◆ **TASK**: Whatever lies between the line with "4 histórias de" and the end of the data, both included, must be copied exactly and without pictures.

◆ **Stored items**:
———

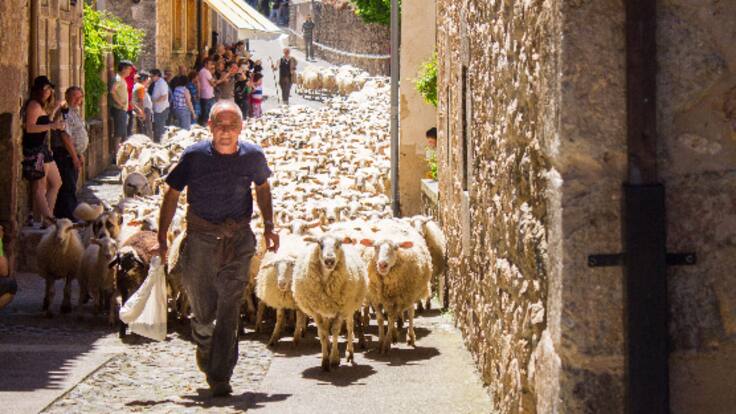 Brieva de Cameros. Guía La Rioja 174 (24/04/2024)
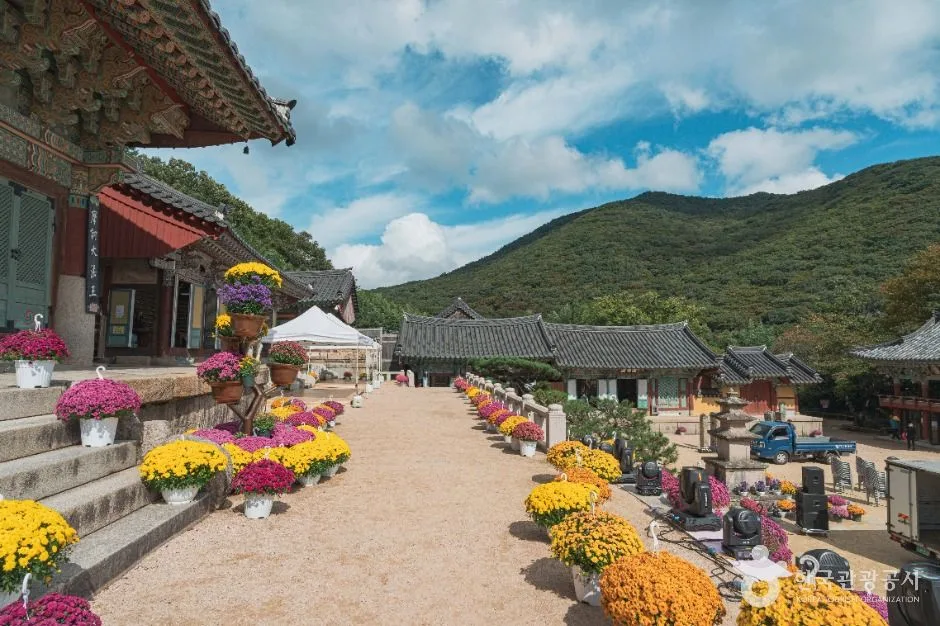 부산_범어사(부산) (5)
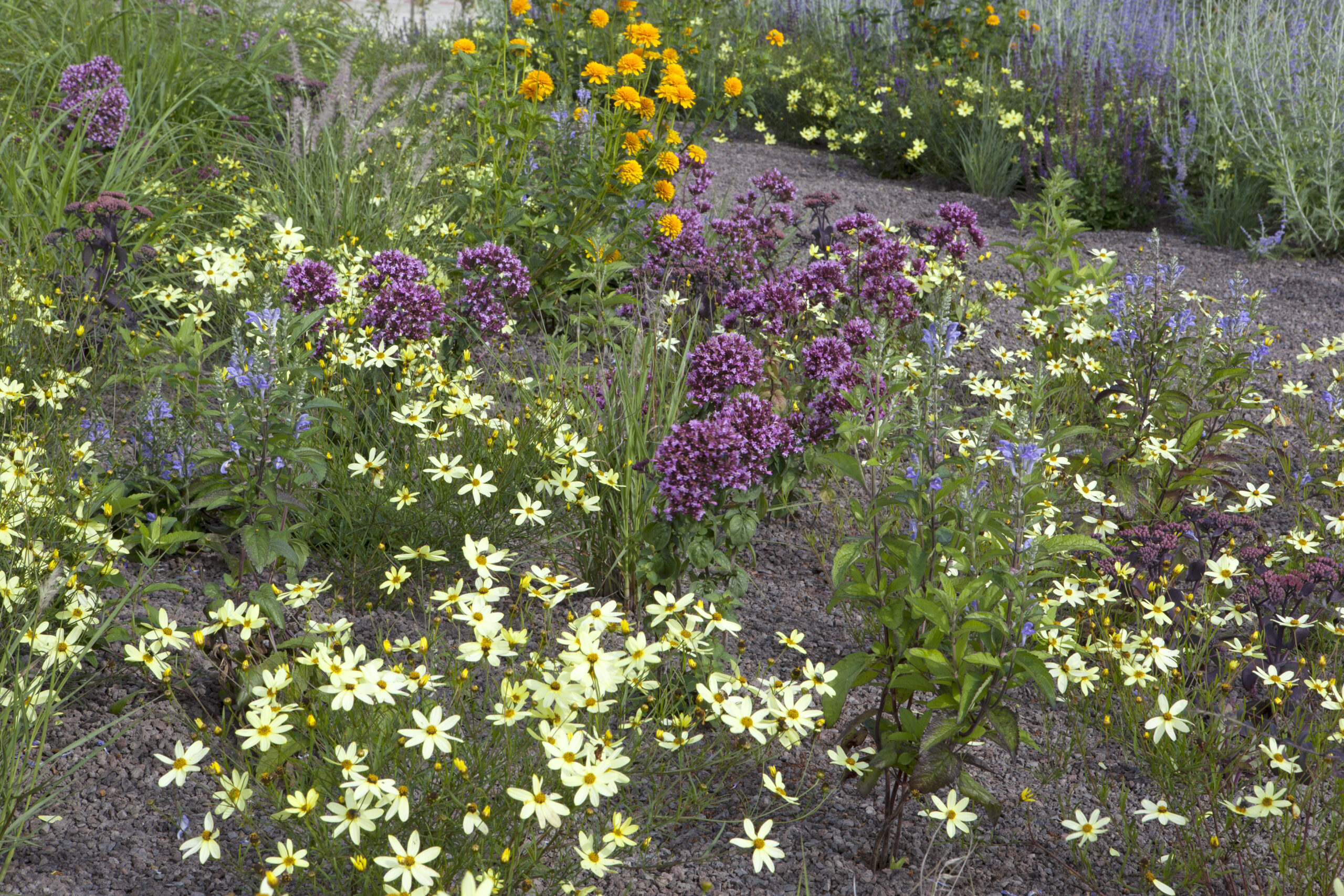 coreopsis varianten buitenleven magazine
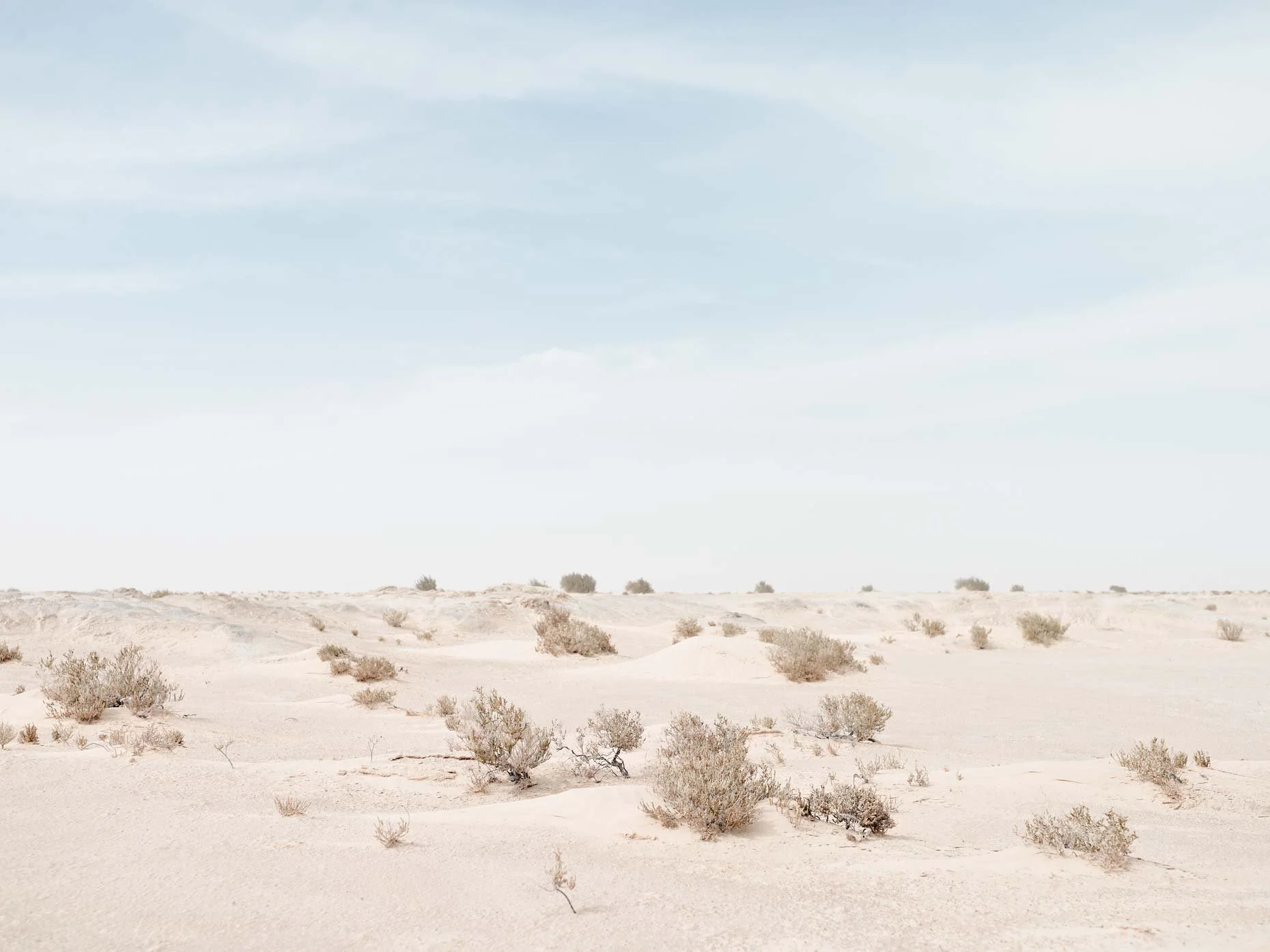 A vast desert landscape with sparse vegetation and small bushes, under a clear sky with some light clouds.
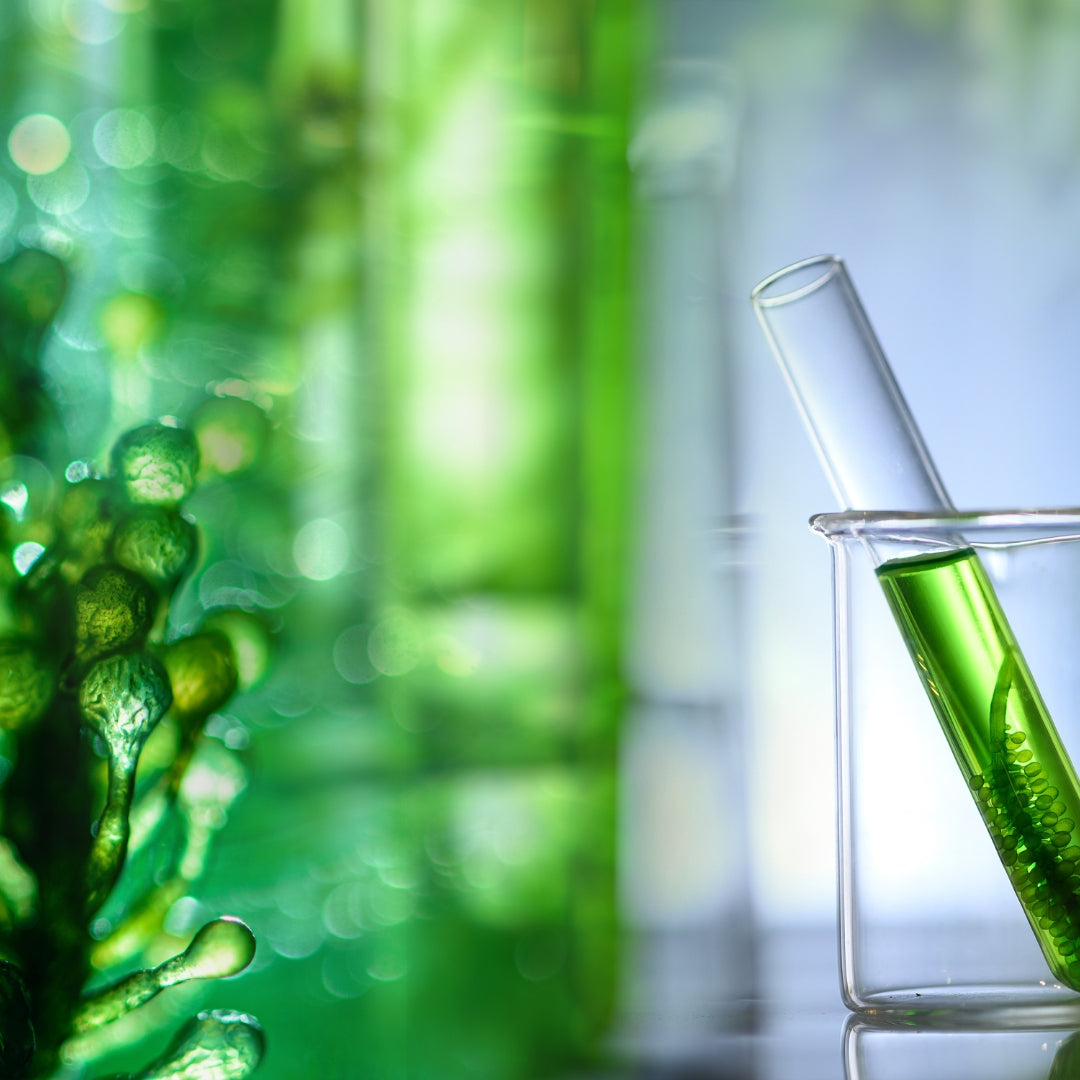 About Us – Caduceus Science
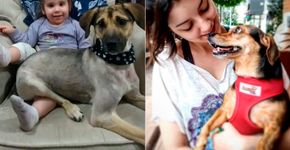 4 histórias de adoção de animais que vão encher seu coração de amor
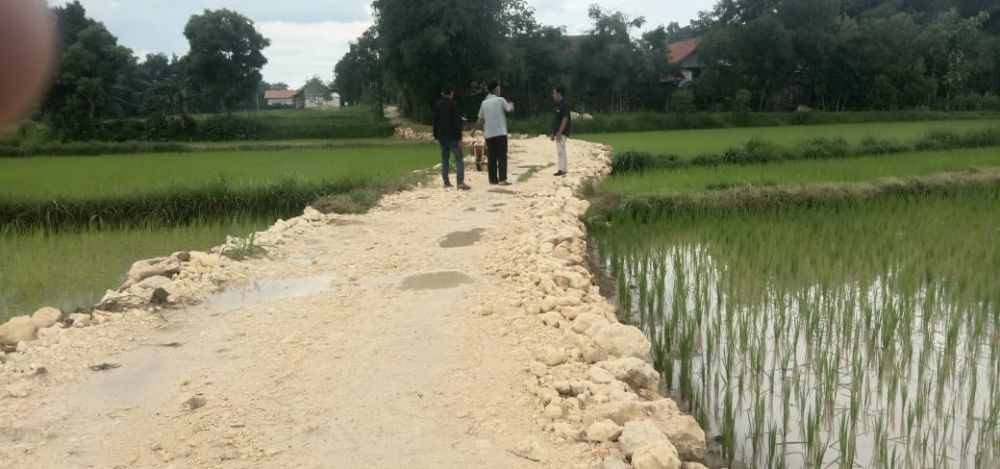 Jalan dusun Jergat desa Patapan, jalan penghubung antara dua desa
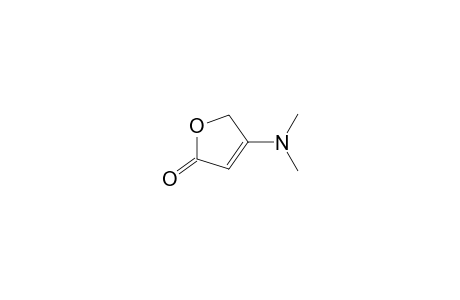 4-Dimethylamino-2(5h)-furanone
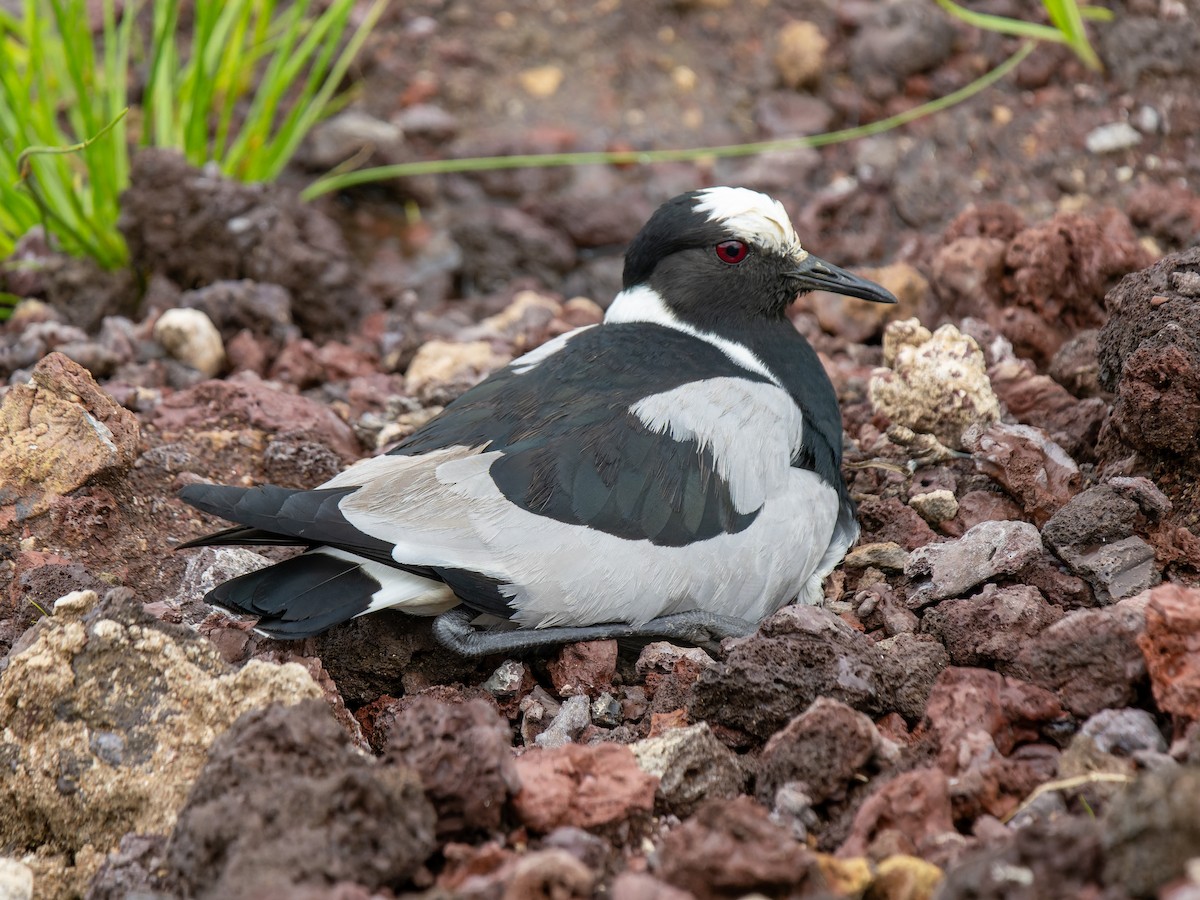 Blacksmith Lapwing - ML610671331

———

◆ **RESPONSE AREA**:
 4 histórias de adoção de animais que vão encher seu coração de amor
 Jalan dusun Jergat desa Patapan, jalan penghubung antara dua desa
 4-Dimethylamino-2(5h)-furanone
 Blacksmith Lapwing - ML610671331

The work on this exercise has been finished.